Soil NO3, NH4+ and N2O emissions are shown as arithmetic means ± SE. Cumulative N2O emissions were obtained by linear interpolation between sampling dates and integration of area under the interpolated fluxes. The cumulative data of the 7-months period following harvest were tested for homogeneity of variance (Levene’s test) and normal distribution (Shapiro-Wilk test). Then the differences among fertilizer levels were assessed by performing one-way ANOVA with Tukey’s test, and differences among years were assessed by performing a t-test. Statistical significance was considered as p < 0.05. For the correlation of non-parametric N2O fluxes with soil NH4+, NO3, WFPS and air temperature, Spearman correlations were calculated with * standing for p < 0.05 and ** for p < 0.001.

For statistical analysis of the split-plot design of the field experiment, a mixed model with repeated measurements with heterogeneous autoregressive structure was set up to test for significant differences in fertilizer rate and residue application for each period (2013/2014 and 2014/2015). Significant differences among treatments were based on Tukey’s tests. For computing, the software SAS v. 9.3 (SAS Institute Inc., Cary, North Carolina, United States) was used.


Weather Conditions

The measured annual mean air temperature was 8.9°C in 2013 and 10.6°C in 2014. Annual precipitation in 2013 was 641 mm, which was greater than the total of 609 mm in 2014 (Figure 1). In 2014, the period from June to August had high rainfall of 278 mm, whereas in 2013 these months accounted for only 128 mm. In line with the rainfall data, WFPS values were lower in 2013 (dropping from 42% WFPS at the beginning of August to 26% WFPS in September) than in 2014 (remaining at ca. 50% WFPS throughout the experimental period) (Figure 6).


FIGURE 1. Air temperature (°C), mean soil temperature (5 cm) (°C) and precipitation (mm month−1) from January 2013 to March 2015 at the research site Reinshof.

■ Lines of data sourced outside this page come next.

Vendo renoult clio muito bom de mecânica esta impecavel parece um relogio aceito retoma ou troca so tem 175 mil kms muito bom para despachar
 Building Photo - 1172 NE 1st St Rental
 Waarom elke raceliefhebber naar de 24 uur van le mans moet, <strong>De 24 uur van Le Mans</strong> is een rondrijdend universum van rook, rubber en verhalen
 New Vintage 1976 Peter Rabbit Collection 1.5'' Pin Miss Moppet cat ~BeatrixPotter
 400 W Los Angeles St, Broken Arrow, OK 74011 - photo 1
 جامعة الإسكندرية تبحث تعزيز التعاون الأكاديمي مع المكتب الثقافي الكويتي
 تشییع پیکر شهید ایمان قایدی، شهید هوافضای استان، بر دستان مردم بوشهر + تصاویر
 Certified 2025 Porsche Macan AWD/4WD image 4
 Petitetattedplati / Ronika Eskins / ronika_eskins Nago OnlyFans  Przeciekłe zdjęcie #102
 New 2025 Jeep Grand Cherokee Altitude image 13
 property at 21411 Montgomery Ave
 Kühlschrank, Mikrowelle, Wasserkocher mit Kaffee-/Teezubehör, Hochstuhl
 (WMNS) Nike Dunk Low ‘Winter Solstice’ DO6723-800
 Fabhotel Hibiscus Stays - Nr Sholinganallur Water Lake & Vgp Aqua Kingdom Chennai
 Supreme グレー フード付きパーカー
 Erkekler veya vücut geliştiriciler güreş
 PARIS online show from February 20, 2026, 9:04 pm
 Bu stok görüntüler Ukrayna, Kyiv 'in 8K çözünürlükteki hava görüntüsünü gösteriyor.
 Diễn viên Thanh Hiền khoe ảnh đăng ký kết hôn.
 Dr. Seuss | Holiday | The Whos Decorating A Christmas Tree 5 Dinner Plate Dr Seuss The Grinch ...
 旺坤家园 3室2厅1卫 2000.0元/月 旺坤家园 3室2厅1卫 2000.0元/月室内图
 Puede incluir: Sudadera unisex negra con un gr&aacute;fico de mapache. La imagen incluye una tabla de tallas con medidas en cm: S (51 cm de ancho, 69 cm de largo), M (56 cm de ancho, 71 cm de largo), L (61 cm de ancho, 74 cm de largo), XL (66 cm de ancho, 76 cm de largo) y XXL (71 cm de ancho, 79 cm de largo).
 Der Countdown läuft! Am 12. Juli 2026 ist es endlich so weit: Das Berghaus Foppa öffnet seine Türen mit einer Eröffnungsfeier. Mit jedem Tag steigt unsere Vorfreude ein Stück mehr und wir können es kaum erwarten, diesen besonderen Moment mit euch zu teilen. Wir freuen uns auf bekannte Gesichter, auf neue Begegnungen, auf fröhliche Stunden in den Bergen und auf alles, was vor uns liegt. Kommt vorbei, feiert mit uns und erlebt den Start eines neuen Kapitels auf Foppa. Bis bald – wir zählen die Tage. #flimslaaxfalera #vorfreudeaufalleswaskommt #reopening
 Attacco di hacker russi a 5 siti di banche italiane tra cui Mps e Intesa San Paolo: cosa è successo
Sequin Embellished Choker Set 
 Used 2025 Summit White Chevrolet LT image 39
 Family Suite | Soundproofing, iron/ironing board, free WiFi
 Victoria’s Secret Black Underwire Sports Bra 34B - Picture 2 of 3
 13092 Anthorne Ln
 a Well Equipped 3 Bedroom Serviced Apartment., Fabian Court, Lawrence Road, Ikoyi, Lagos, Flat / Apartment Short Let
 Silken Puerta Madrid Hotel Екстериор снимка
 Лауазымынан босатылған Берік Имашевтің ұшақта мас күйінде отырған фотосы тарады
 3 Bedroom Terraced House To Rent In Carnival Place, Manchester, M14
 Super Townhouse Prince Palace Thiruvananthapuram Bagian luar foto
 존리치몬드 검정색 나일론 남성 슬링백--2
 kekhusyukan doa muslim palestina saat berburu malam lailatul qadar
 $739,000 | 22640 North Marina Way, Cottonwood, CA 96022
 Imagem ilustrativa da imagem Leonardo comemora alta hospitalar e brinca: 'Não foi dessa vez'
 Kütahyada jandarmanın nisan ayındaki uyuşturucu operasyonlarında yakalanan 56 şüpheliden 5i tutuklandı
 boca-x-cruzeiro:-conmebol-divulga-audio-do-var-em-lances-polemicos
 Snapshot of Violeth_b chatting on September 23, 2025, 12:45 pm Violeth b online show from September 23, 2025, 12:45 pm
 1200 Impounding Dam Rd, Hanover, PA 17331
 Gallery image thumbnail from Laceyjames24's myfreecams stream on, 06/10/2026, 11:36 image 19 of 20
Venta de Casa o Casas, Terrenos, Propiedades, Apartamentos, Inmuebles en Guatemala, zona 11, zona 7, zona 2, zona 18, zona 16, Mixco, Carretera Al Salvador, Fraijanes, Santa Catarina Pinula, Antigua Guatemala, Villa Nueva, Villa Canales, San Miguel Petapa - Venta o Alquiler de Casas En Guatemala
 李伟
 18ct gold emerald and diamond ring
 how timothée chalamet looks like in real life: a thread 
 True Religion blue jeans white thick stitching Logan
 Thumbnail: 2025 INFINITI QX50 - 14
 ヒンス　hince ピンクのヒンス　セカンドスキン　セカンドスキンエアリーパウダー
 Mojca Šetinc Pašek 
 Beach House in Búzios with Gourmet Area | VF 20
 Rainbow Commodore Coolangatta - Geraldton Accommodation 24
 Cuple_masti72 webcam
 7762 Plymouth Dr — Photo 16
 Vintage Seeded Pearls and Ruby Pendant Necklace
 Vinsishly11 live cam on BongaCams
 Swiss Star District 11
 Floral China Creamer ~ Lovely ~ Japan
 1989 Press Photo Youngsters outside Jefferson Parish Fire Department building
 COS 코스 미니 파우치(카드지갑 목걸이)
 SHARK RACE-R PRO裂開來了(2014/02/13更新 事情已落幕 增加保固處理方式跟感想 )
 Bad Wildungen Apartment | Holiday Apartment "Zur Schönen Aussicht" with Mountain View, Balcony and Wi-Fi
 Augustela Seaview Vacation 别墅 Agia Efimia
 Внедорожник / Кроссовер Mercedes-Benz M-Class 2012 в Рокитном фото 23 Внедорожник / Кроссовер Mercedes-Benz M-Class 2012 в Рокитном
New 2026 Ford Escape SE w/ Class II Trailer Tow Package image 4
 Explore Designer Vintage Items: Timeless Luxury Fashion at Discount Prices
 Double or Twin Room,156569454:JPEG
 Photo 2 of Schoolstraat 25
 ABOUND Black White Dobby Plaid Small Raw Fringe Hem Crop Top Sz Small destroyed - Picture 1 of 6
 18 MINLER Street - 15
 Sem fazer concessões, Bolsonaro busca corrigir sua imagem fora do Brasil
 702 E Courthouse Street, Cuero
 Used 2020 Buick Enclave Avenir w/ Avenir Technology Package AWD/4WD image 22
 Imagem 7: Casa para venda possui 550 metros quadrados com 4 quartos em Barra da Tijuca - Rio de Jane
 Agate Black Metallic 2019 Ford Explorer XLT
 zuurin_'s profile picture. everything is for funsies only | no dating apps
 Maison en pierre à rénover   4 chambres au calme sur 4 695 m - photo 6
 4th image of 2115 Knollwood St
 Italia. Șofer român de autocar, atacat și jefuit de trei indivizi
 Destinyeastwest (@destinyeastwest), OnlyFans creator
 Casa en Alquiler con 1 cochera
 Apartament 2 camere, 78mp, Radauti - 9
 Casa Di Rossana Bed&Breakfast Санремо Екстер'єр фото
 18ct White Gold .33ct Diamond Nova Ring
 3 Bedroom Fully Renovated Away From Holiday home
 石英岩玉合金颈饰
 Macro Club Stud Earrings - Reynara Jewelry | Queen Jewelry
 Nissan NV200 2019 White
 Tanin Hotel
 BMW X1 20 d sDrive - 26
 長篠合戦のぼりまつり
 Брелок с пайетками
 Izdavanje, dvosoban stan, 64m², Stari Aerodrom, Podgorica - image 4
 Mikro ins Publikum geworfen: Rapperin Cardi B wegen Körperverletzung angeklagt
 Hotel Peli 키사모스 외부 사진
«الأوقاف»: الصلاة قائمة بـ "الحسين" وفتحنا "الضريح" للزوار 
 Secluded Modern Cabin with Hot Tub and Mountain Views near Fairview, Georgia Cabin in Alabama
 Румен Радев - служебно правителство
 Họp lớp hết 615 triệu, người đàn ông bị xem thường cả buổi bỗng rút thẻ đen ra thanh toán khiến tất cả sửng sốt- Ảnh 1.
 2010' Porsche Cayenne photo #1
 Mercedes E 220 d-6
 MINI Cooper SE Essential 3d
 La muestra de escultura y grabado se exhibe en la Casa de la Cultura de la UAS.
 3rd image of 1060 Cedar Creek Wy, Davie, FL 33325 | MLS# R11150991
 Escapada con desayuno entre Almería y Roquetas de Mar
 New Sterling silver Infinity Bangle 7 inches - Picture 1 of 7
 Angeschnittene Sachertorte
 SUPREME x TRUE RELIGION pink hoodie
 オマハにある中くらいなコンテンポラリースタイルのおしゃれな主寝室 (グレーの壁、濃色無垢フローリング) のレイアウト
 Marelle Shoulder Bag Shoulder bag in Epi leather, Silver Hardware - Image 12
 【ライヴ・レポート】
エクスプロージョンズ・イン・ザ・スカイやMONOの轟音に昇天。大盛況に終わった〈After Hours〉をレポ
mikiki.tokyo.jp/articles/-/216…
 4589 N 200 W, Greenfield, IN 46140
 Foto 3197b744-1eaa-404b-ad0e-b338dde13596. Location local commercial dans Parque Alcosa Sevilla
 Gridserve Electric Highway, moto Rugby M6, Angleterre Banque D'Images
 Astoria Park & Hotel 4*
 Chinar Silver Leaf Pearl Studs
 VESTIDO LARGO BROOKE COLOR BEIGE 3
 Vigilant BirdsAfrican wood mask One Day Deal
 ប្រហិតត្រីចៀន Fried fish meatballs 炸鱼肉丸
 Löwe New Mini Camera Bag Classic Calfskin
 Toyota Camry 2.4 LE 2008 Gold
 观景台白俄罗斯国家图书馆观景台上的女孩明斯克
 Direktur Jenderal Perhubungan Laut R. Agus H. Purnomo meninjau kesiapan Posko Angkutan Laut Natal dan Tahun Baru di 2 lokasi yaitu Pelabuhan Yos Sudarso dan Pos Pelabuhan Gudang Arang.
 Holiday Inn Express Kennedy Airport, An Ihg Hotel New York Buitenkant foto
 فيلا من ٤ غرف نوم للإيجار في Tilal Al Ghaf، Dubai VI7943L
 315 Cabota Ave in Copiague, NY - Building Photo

Oilseed Rape Seed and Residue Biomass

The oilseed rape in No-fert control subplots had a seed yield of 3.7 ± 0.2 and 3.6 ± 0.2 tons dry matter per hectare per year (t DM ha−1) in 2013 and 2014, respectively. With N fertilizer input, seed yield showed consistent but insignificant increases in both years (Table 2). The measured straw biomasses in the No-fert control subplots were 5.3 ± 0.2 and 5.1 ± 0.1 t DM ha−1 in 2013 and 2014. The effect of N fertilization on straw biomass was also insignificant, but there was a consistent positive trend, increasing applied N rates led to decreasing measured C/N ratios of straw in both years (Table 1). The amount of N returned to soil with the residue biomass was higher in the fertilized plots than in the unfertilized treatment in 2014, but not in 2013, and there was no effect on the straw biomass production and seed yield when the N- fertilizer rate was further increased from 90 to 180 kg N ha−1.


TABLE 2. Oilseed rape seed yield and N and C removed by seeds at the experimental site Reinshof in 2013 and 2014 (n = 3) as influenced by fertilizer treatments.

N2O Emissions

N2O emission rates varied significantly (p < 0.001) between years, and the maximum N2O peaks were significantly higher (ca. tenfold) in 2014 compared with 2013 (Figure 2). In both years, the highest N2O emission peaks were detected shortly after post-harvest tillage. In 2013, the highest measured daily N2O emission rate was 0.04 ± 0.0 kg N2O-N ha−1 d−1 (in the Fert-180 treatment with straw amendment), whereas it was 0.33 ± 0.08 kg N2O-N ha−1 d−1 (in the Fert-180 treatment with straw) in 2014, thus almost ten times higher. Winter N2O emissions were generally low, being consistently below 0.02 kg N2O-N ha−1 d−1 from November to March in all treatments and years. The N doses applied in spring did not affect post-harvest N2O emissions in either year, despite higher residual soil NO3 -N in Fert-180 treatments at oilseed rape harvest time. Similarly, straw amendment did not affect N2O fluxes in 2014, but caused a slight (p < 0.05) decrease in 2013 for the Fert-90 treatment. Overall, cumulative post-harvest N2O emissions were very substantially higher in 2014 than those measured in 2013 (Figure 3).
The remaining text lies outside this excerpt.